Problem description.
Repeat all the lines below exactly, but omit the pictures.

*** Data provided ***

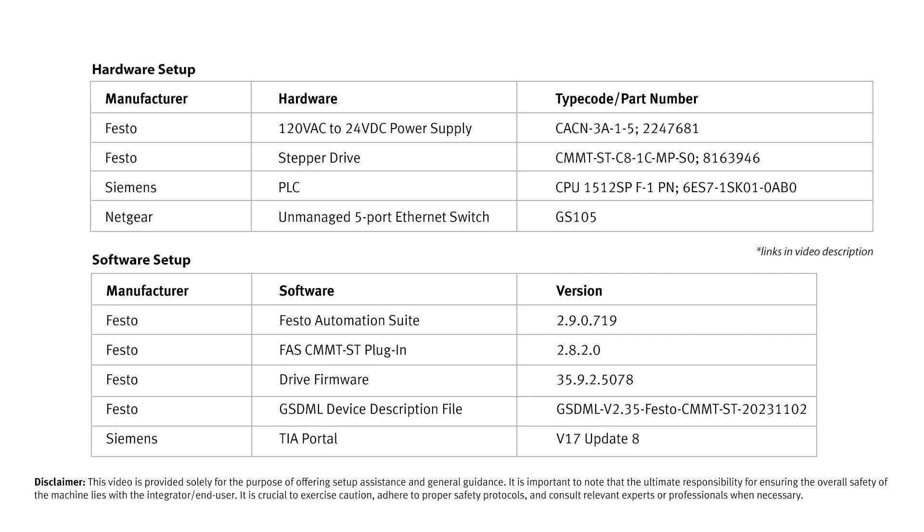Hello, my name is Colin Greatwood. I'm a Mechatronics Application Engineer with Festo, and today I'm going to be showing you how to change CMMT telegrams in TIA Portal.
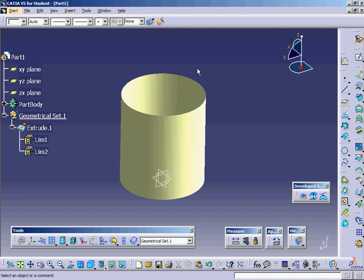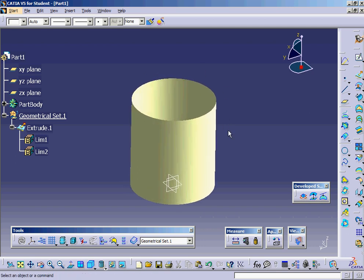Hello and welcome to this demonstration in CATIA V5. In this tip, we'll show you how to apply texture that's transparent in GSD or generative shape design.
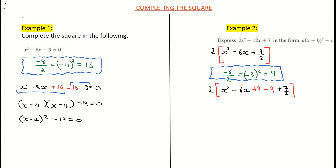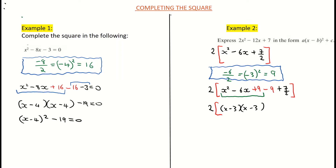Now I factorize the quadratic x-squared minus 6x plus 9. Inside the brackets it becomes x minus 3 times x minus 3 — since minus 3 times minus 3 is positive 9 and minus 3 plus minus 3 is minus 6. Then I work out minus 9 plus 7 over 2, which gives me minus 11 over 2, or minus 5.5 in decimal form.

***

Task solution.
Hello, my name is Colin Greatwood. I'm a Mechatronics Application Engineer with Festo, and today I'm going to be showing you how to change CMMT telegrams in TIA Portal.
Hello and welcome to this demonstration in CATIA V5. In this tip, we'll show you how to apply texture that's transparent in GSD or generative shape design.
Now I factorize the quadratic x-squared minus 6x plus 9. Inside the brackets it becomes x minus 3 times x minus 3 — since minus 3 times minus 3 is positive 9 and minus 3 plus minus 3 is minus 6. Then I work out minus 9 plus 7 over 2, which gives me minus 11 over 2, or minus 5.5 in decimal form.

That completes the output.